Rents average $2.32 per square foot per month with no concessions, ranging from $1,177 a month for a 495-square-foot studio to $2,790 a month for a 1,300-square-foot two-bedroom apartment.
The residents at the Shoreham can also save to buy a condominium at one of the other parts of Lakeshore East through NNP’s RentBUY program. Tenants who rent for six months or more can build equity totaling up to 2.5% of the purchase price of a condominium at Lakeshore East – simply by paying their rent. The program is very popular: 70 percent of the residents at the Shoreham have signed up.
Condo rentals offer the finest finishes, but less service
Renters looking for the fanciest possible finishes shouldn’t go to a rental apartment building at all.
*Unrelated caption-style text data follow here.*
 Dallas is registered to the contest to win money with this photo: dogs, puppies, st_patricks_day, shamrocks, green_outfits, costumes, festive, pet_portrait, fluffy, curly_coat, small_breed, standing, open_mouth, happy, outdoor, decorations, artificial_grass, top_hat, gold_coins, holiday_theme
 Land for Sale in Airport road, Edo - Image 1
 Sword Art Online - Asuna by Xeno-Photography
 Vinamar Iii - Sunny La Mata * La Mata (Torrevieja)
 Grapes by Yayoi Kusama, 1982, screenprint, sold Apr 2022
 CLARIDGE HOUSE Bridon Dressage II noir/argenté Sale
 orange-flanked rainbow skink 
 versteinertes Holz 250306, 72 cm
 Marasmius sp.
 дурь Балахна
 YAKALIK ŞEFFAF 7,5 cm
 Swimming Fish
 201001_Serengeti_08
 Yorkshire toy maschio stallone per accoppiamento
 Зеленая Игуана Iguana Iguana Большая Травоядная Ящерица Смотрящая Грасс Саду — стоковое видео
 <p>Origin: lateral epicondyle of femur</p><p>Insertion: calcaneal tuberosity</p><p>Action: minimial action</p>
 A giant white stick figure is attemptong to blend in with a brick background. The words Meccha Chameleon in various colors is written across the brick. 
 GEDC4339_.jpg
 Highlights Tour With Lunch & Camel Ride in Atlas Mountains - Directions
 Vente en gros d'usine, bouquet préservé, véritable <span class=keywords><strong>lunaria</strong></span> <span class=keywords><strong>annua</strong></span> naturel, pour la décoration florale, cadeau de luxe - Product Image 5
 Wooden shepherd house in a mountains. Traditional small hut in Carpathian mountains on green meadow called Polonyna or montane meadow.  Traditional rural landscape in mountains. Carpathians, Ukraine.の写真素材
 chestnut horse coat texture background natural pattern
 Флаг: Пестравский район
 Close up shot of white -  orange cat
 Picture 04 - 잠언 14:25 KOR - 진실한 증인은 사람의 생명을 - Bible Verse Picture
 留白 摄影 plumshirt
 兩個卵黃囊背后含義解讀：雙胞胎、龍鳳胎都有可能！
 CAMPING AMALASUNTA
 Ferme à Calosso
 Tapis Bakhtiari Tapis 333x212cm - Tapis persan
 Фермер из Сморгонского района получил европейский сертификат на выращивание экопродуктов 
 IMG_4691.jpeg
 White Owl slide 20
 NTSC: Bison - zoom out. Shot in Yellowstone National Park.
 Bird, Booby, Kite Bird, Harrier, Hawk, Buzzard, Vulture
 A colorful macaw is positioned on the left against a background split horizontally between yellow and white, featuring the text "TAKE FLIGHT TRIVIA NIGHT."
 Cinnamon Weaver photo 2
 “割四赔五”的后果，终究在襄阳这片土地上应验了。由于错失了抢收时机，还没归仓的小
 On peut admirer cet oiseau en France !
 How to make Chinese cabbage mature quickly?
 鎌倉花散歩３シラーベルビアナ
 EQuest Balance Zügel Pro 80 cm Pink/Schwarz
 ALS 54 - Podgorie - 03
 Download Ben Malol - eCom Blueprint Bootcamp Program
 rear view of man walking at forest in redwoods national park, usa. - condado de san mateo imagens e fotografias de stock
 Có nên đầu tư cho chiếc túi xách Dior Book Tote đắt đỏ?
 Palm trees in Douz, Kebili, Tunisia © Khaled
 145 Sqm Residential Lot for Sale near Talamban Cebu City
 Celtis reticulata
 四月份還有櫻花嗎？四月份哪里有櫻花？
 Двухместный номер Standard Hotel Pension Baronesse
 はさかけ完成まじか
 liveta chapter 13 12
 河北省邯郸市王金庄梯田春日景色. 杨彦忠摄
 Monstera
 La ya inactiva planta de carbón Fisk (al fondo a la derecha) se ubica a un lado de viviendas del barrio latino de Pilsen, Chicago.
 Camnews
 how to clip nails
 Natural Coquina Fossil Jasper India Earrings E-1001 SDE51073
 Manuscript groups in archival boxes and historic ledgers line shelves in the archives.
Instead, someone who wants to rent an apartment with marble tile and a Sub-Zero refrigerator should go straight to the nearest condominium tower and rent a unit there from one of the condo owners.
“A luxury condo rental will have superior finishes, but the services you get in a rental building would be better than services at a condo,” said Ron De Vries, vice president for Appraisal Research Counselors, based in Chicago.
De Vries believes that rental condominiums serve a different type of resident than most new rental projects. “The luxury rental buildings are geared toward tenant service. The job of the management team is to create an environment where the tenants are going to keep coming back,” De Vries said.
Condo rentals also are usually harder to find and lease because the owner probably owns only a few or even just one unit. “The whole leasing process is longer,” De Vries said.
Old Money apartments
Likewise, the most expensive rental project in a market sometimes won’t be a new rental development. Instead, the rental buildings that earn the highest rents are often older buildings in prime locations, like Central Park South on Fifth Avenue in New York or Lake Shore Drive on Chicago’s Near North Side.
There are only a few rental buildings like these, but they can earn as much as $6,000 a month for a 900-square-foot one bedroom apartment, at least in New York, Finn said. That’s much more than $6.50 per square foot on average in monthly rent.
These buildings offer few services, other than a doorman. Their address is their biggest amenity, sometimes followed by the size of the apartments. “It’s the old world sort of apartments, with the library, and the elevator goes straight up to your unit,” said Judy Roettig, executive vice-president of the Chicagoland Apartment Association. “They’re huge. They’re the size of a home.”